Darbenin kudretli generali iken yıllar sonra yargı önünde hüküm giyen Kenan Evren 'demokrasi gitara benzer, her telinden farklı ses çıkar' derdi. Farklılıkları zenginlik kabul edip demokrasi yolunda yürüyeli çok olmadı ama bizi bize, Türkiye'yi Türkiye'ye bırakmayalı yüzyılı geçti. Şimdi yeni bir ufkun arefesinde çektiğimiz çilenin haddi hesabı yok.

Cumhurbaşkanı Recep Tayyip Erdoğan

Türk siyasetinde gelinen noktada hiçbir siyasi partinin tam olmadan yeni yol arayışına girdiğini görüyoruz. Ak Parti mi, CHP mi, İyi Parti mi, Saadet mi, MHP'mi ? Dışarıdan bir bütün ancak içeriden parçalı bir siyaset… Bu partiler arasında belki de siyaset modeli olarak MHP'yi ayrı kefeye koymak gerekir. Doktrin, Teşkilat ve en önemlisi de kendini feda eden lider Devlet Bahçeli…

MHP Genel Başkanı Devlet Bahçeli

15 Temmuz'dan buyana kendini feda etmiş, siyasi iktidara kayyum atandığı söylense de bu desteği nakit ve menfaate çevirmemiş bir duruş sergiliyor. İşin açık tarafı derleme /toplama görevi MHP'nin üzerinde. Türkiye liderliğinde Erdoğan'a açık çek, destek Bahçeli'den geliyor. Türkmen Bey'i lafı dolandırmayı sevmez. Kişi bazlı muhatap aldıklarına 'Alayına' diyerek ezber bozar. Hele hele Maklubeyi hiç bilmez. Bu nedenle Maklubeyi pişirenler, altını yakanlar bir de Maklube yiyerek dönüştürme/söğüştürme işine buluşanlar karşılarında Türkmen Bey'ini buldular.

Ak Parti'nin kuruluşundan buyana serancamı çok yazdım. Belki Mehmet Dülger'in ifadesiyle 'Aşure Partisi' halinde olan Ak Parti'nin içinde Babacan ve Davutoğlu'nun sondajından sonra bölünme ile birlikte yeni bir modele doğru gittiğini de yazıyorum. Elbette dış politika ve ekonomi gibi faktörler Ak Parti'nin geleceğini etkileyecek somut nedenler. Ancak asıl tehlike ve kaçınılmaz sonra Maklubeci zihniyetin parti içinde, itibar yönetiminde, PR'da egemen olması.
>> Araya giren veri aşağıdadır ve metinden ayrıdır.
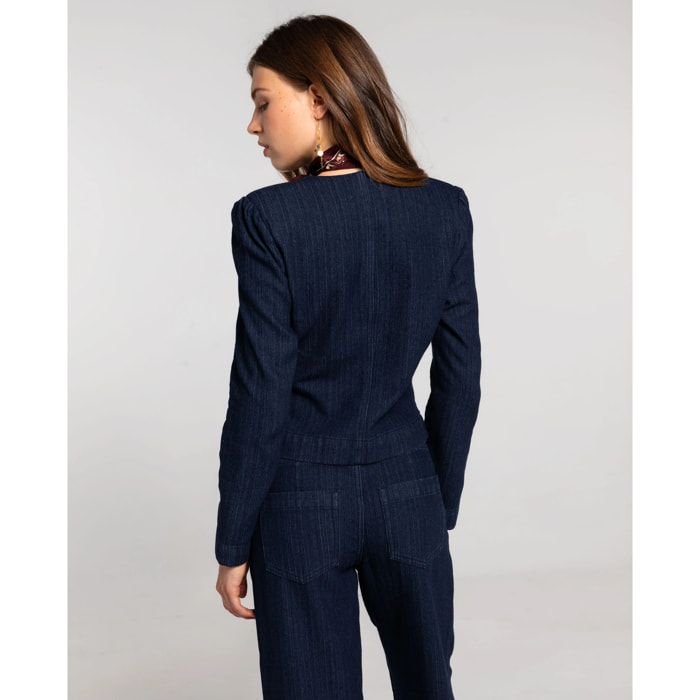 Chaqueta de mujer entallada con hombreras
Adalet Bakanı Abdümhamit Gül'ün sosyal medya üzerinden Maklubecilere yönelik salvosu parti içinde yeni uğraş alanını ortaya çıkarttı. Kim sağlam ve dinamik ise ona yönelik yeni hamleler var. Bunları kişi olarak ele alacağınız gibi geleneklere yönelik de görebilirsiniz. Elbette emperyal güçlerin elinde şekillenmemiş, dönüştürülmemiş, yönlendirilmemiş vatan/millet sadakati tam yapıların inadına direnişi Maklubeci taifesini çileden çıkarıyor.

'Hırsızlık bir yumurtadan, orospuluk bir öpücükten başlar' derler ya, geldiğimiz noktada iki gayrimeşru işi mübah görerek devlete/millete karşı cephe almış, kevaşeleşmiş piyonların saldırıları giderek artacak. Bu nedenle Erdoğan kadar Bahçeli'ye kızıyor ve saldırıyorlar.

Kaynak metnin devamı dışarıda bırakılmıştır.